I was first exposed to computer programming in 2015. But please, try not to attach my programming experience to that time. It was through a movie, an Indian movie, I can’t seem to ever remember its title. One of the characters - the bad guy actually - caught my attention. He was a lot of things: a traitor, genius, good looker, and hacker…a hacker. The amount of power he had was ridiculous. With just his laptop, he was able to turn the tide of the entire operation in his favour. There was one problem though, I didn’t have a laptop. Sometimes I used my dad’s laptop but not frequently. My saving grace was “Xeus hack”, a mobile application I installed on my phone. It came with lots of articles - bash programming, zip bombs, etc. My “Hacker career” went along fine till I got to a certain chapter. A line read, “what differentiates a “script kiddie” from an actual hacker was programming experience”. I had no programming experience. Lucky for me, at the end of the article, there was a list of programming languages, and at the bottom of the list were Python and Ruby. I randomly chose Python. I still didn’t have a laptop at that time, so I used a mobile application, “Q python”, to write my python scripts. The moment I wrote and ran my first line of python was the last time I thought about hacking. A world of possibility opened up to me.
In all my evangelism, a major question that people seemed to ask was ‘can you make money with Rust?’ People didn’t find it prospective. ‘You haven’t made any money in Rust’ and I sort of agreed…well not entirely. I had written an article on rust, a paid article. I kept trying to get them to understand that if you write code solely for making money, you might not be able to like rust or a couple of other languages and tools. Its learning curve is steep but the fact remains that Rust gave so much power. Who wouldn’t want that? At the end of 2021, people started writing year-in-review. I noticed a trend - ‘...I plan to learn Rust next year.’ This year, 2022, Rust's popularity exploded.
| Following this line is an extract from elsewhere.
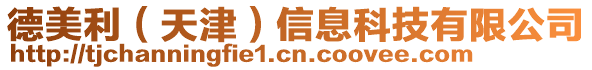 德美利(天津)信息科技有限公司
It caught on. Its job availability went up and the antagonising about it went down. In fact, if anyone ever spoke against it in groups I was in, I didn’t have to defend it. There were others who would do that. Backend, Frontend, everyone started learning it.
So far, I’ve been reading the book “Zero to Production”, and I’ve had lots of fun working on the projects in it. I’ve also collaborated with other Rust developers on projects like Lazer Pay’s Rust SDK. I worked with Enochwho I met on the Rust Nigeria group chat. In fact, if the Rust Nigeria community hadn’t been created, I probably would have created it myself. A personal favourite of mine is the Thanos Project - a program that randomly deletes exactly half the number of files in a folder and I still have a couple of features I intend to add soon. That project taught me how to work with Rust’s documentation and I developed the notion, one I still hold, that all documentation should be like Rust’s. Another thing about Rust that makes me an unrepentant champion is the Rust philosophy, the philosophy that went into its design. The philosophy of “no breaking changes”, the compiler design, Just genius. I am not saying somewhere along the line we could not find something wrong, but, right now, it’s the closest thing to perfection in my opinion.
My goal for Rust in the future is to write more Rust. To slip it into as many projects as possible that I can, to give talks on it, and more. Like a donkey baited with a carrot, the fun of battling my way through tons of red lines and compiler error messages appeals to me. Rust has opened me up to meeting new people and having new experiences, so you can be sure that I’d always defend it at any chance I get.
This Rust story is based on Ayodeji Adeoti’s experience learning and using Rust.